» **WORK REQUEST**:
Everything from the line containing "синтетический гашиш Новокубанск" through the line containing "h ֗ObY WeCar" should be repeated exactly, and nothing else from the data.

» **RECORDS SHOWN**:
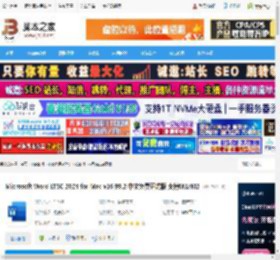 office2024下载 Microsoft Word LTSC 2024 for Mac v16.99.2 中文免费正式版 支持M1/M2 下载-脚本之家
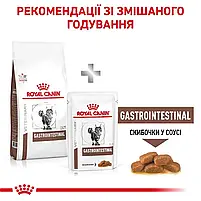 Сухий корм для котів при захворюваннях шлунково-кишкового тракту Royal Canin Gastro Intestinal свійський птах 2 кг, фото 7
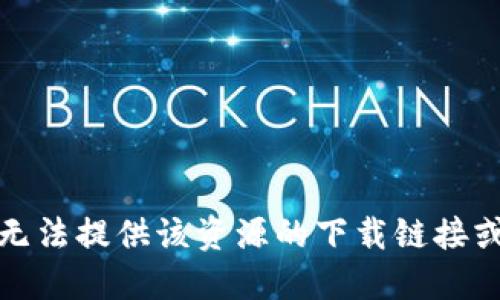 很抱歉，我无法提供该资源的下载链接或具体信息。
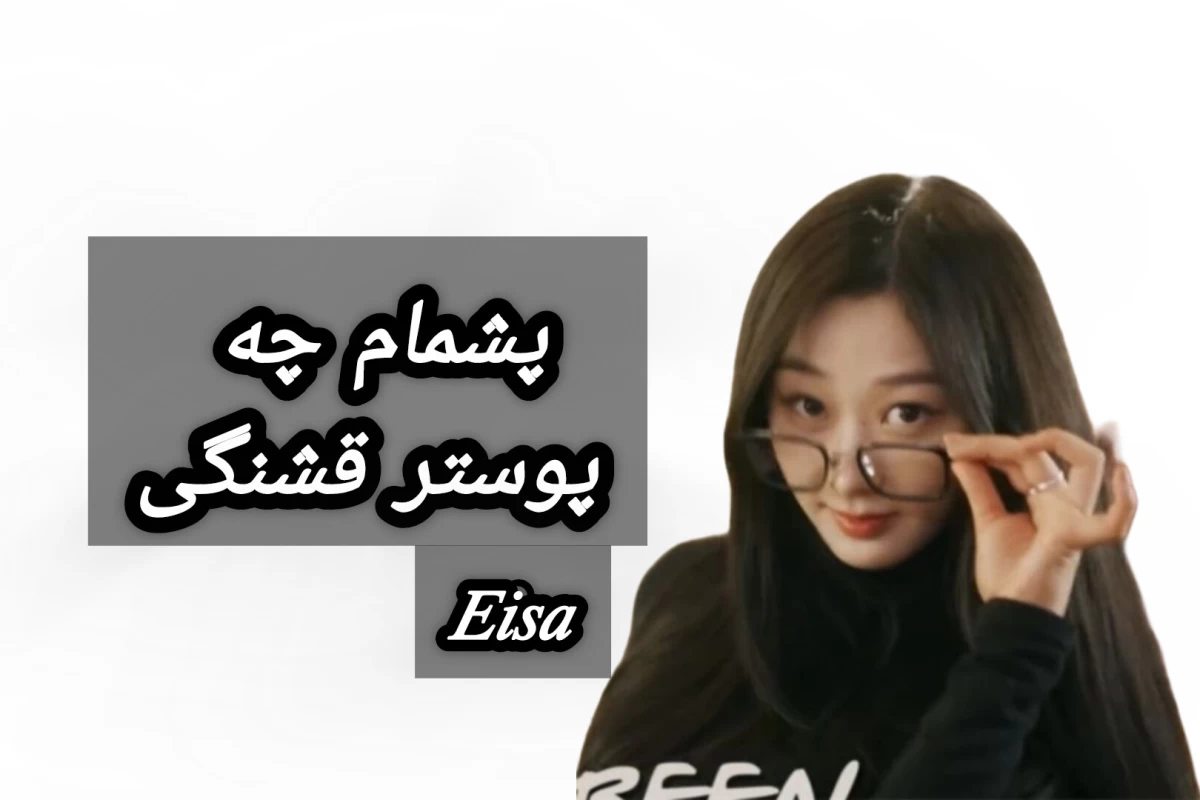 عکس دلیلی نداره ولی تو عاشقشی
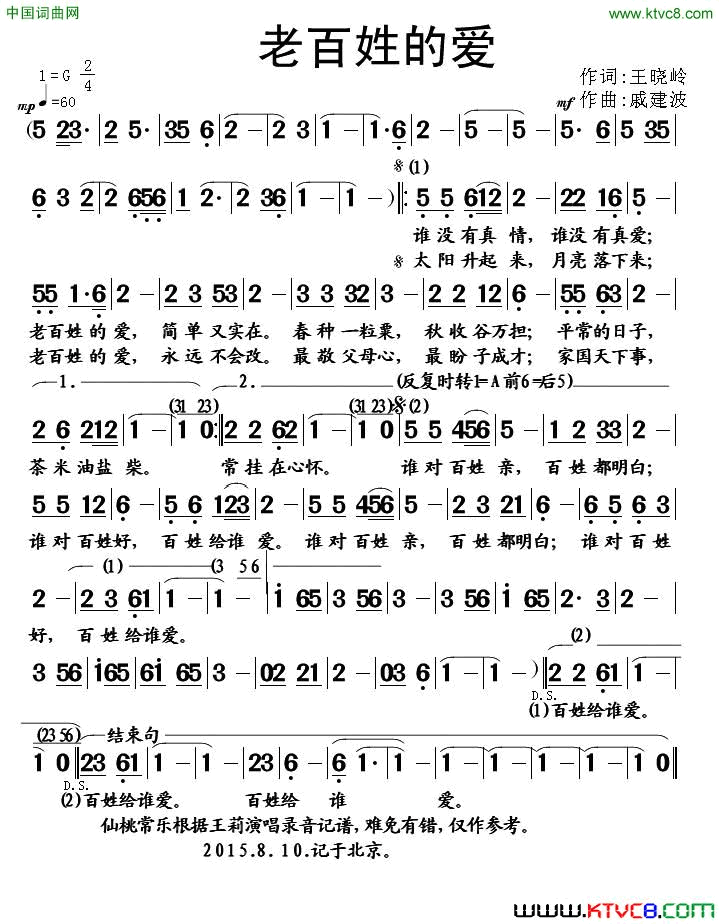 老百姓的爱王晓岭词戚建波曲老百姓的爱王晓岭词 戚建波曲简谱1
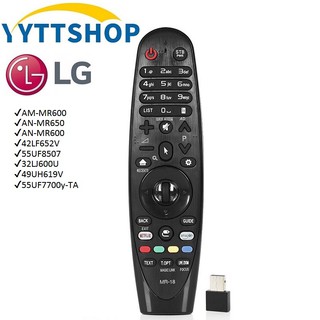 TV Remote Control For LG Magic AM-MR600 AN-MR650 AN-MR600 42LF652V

--

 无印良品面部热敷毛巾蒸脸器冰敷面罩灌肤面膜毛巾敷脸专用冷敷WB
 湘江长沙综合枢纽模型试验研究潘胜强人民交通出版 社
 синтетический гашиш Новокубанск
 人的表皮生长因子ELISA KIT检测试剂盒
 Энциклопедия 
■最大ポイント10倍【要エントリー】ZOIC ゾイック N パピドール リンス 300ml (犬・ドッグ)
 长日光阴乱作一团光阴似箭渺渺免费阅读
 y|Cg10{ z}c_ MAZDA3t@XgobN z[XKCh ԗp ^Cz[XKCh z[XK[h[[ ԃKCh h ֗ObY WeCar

* * *

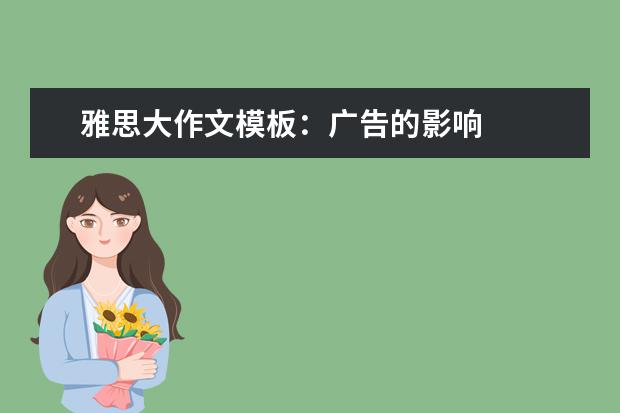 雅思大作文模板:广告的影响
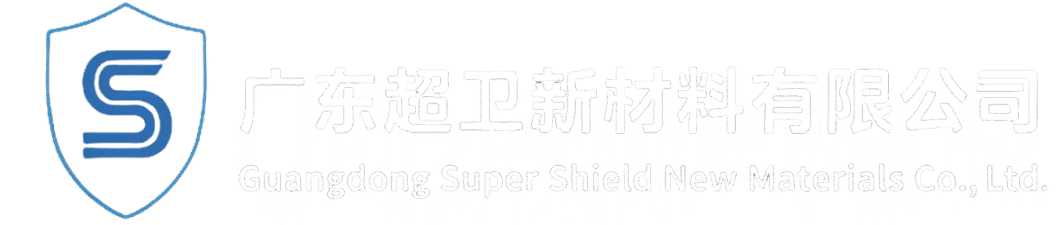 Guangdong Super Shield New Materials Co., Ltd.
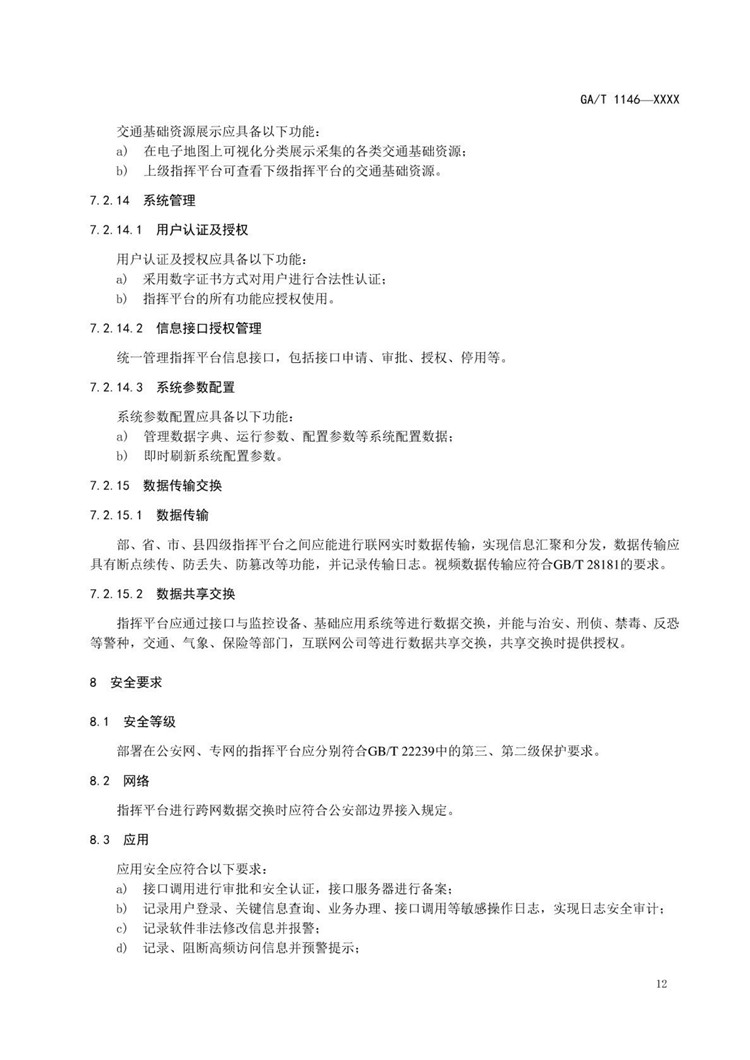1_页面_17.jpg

» **RESULT FOR THIS TASK**:
 синтетический гашиш Новокубанск
 人的表皮生长因子ELISA KIT检测试剂盒
 Энциклопедия 
■最大ポイント10倍【要エントリー】ZOIC ゾイック N パピドール リンス 300ml (犬・ドッグ)
 长日光阴乱作一团光阴似箭渺渺免费阅读
 y|Cg10{ z}c_ MAZDA3t@XgobN z[XKCh ԗp ^Cz[XKCh z[XK[h[[ ԃKCh h ֗ObY WeCar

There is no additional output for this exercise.